Task
Print, exactly and without pictures, the lines from the one where "That should give" appears down to the end of the entries.

BEGIN

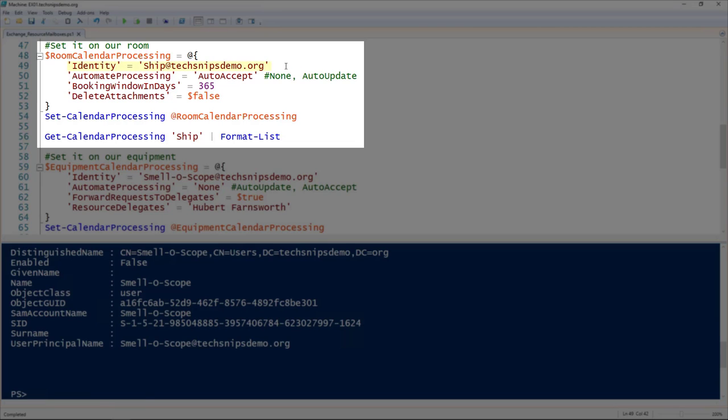I'm going to set the automate processing to auto-accept, meaning that it will automatically accept anything that's within policy. The other options are none or auto-update, and the policy is all the other settings that you set. In this case, I'm leaving the defaults except for two things.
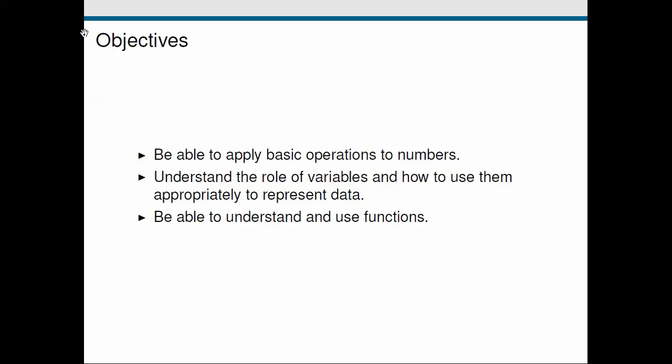Let's look back on what we've covered. First we looked at numbers and we used Python as a basic calculator in which we applied some fundamental operations. Then we introduced this concept of variables and we used them to store and refer to data. Finally we looked at functions, what they are, how we use them and how we provide them with the information that they require. I'll see you in the next screencast.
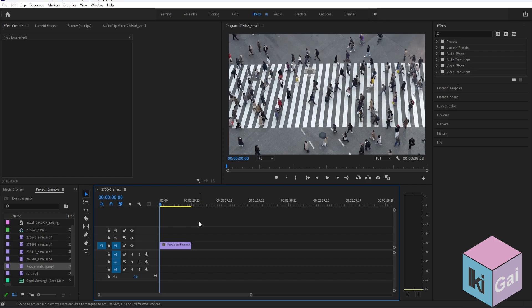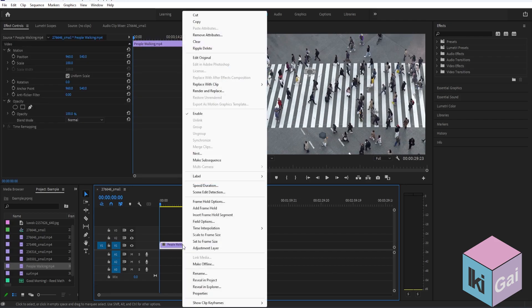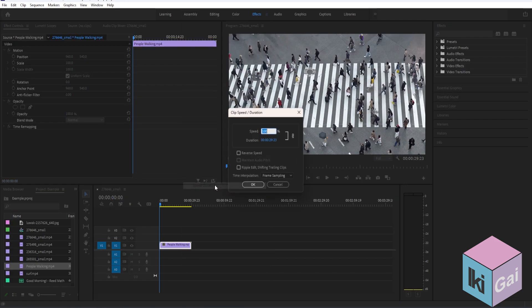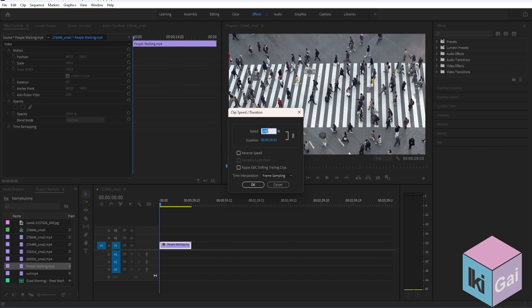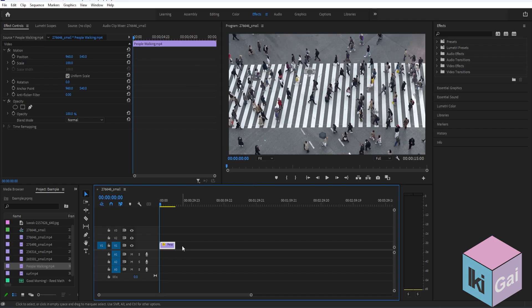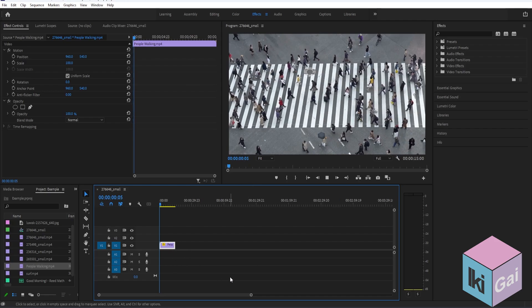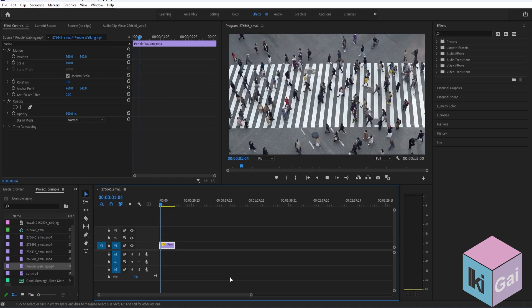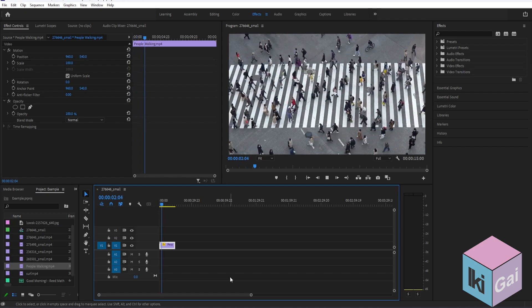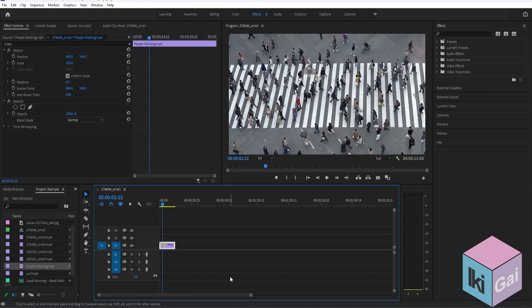If you want to fast forward your video, it's very simple. All you have to do is just right-click the clip that you want to fast forward, then select speed and duration. Next, on speed we need to increase the value here. For example, let's set it to 200, then press OK. As you can see, the clip got shorter. Now if you play the video, it's running faster than before.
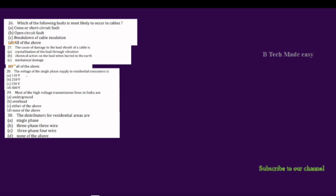The next question is: what is the voltage of the single-phase supply to residential consumers? The options are 110V, 210V, 230V, and 100V. For single-phase supply to residential consumers, the correct answer is 230V.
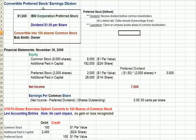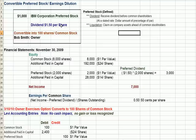Flipping over to Excel, we have a $1,000 IBM Corporation preferred stock certificate that pays $1.50 per share each year — assuming there are earnings available to pay the dividend. If there's no earnings or a loss, the dividend doesn't get paid. The certificate also states that this preferred stock is convertible into 100 shares of common stock.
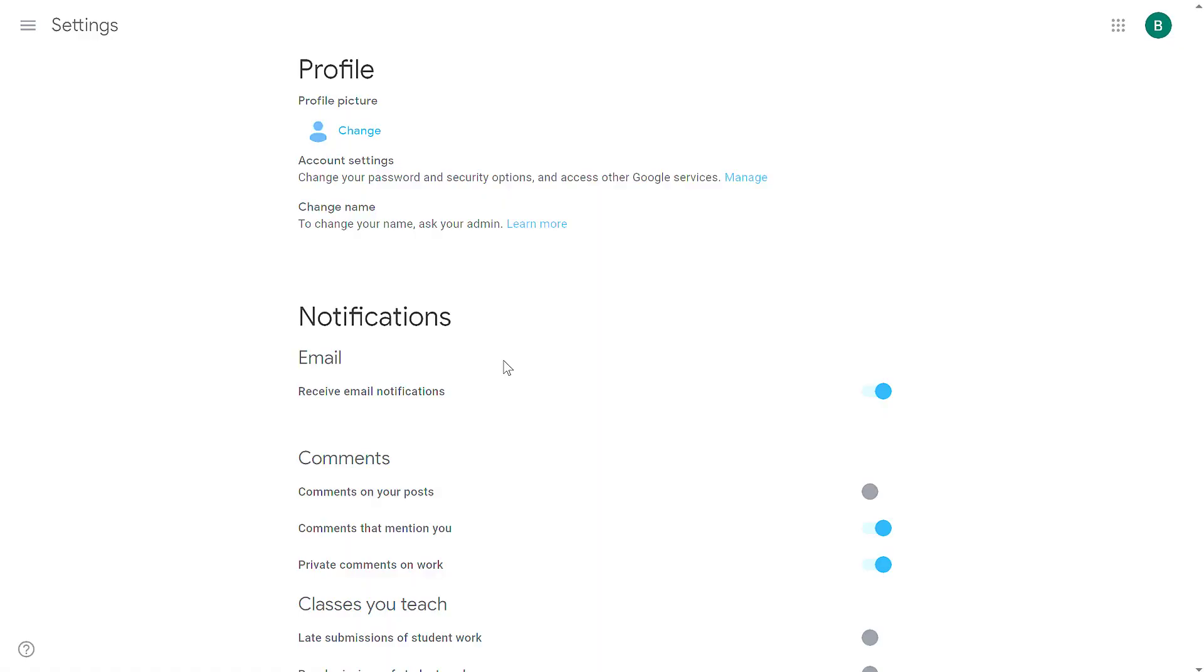That should give you everything you need to control notifications inside of Google Classroom. If you have any questions, put them in the comments. Thanks for watching. Let me know if I can help.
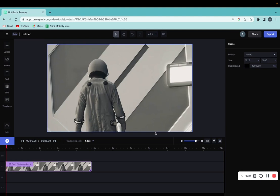Welcome back to 8482 Media. Today I'm going to quickly show you guys how to add text to the video editor in Runway. So let's get started.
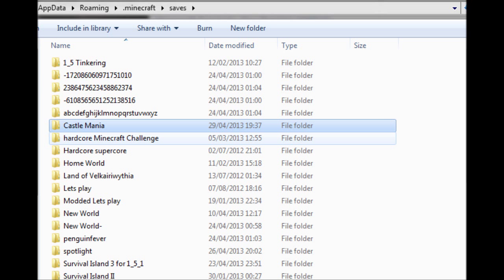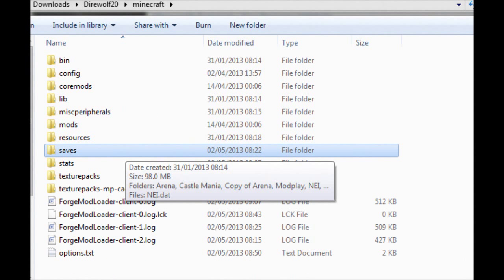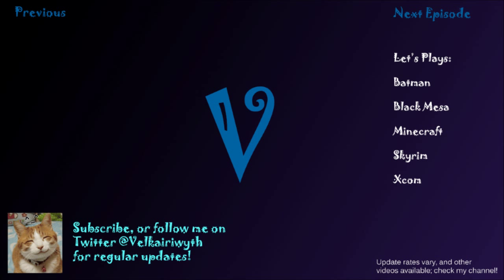Then if you go to your Feed the Beast folder, which will be a standard Direwolf20 folder wherever you unzipped the Feed the Beast pack, in this case it's in my downloads folder, paste it into the saves directory and load up the game, and you are good to go.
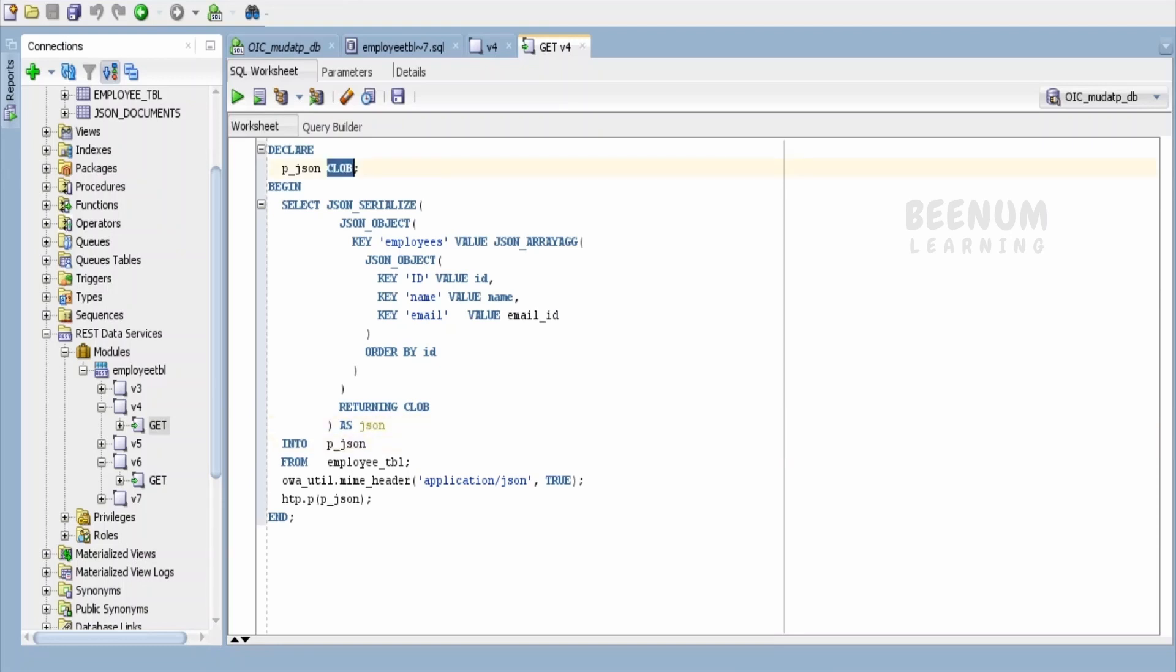pjson is of type CLOB over here. So I am serializing and assigning this to the CLOB. I am returning the CLOB over here so that I can map over here from the employees table. This is one of the advanced or latest JSON object data types which is available in the Oracle database.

END

Written reply
That should give you everything you need to control notifications inside of Google Classroom. If you have any questions, put them in the comments. Thanks for watching. Let me know if I can help.
Welcome back to 8482 Media. Today I'm going to quickly show you guys how to add text to the video editor in Runway. So let's get started.
Then if you go to your Feed the Beast folder, which will be a standard Direwolf20 folder wherever you unzipped the Feed the Beast pack, in this case it's in my downloads folder, paste it into the saves directory and load up the game, and you are good to go.
pjson is of type CLOB over here. So I am serializing and assigning this to the CLOB. I am returning the CLOB over here so that I can map over here from the employees table. This is one of the advanced or latest JSON object data types which is available in the Oracle database.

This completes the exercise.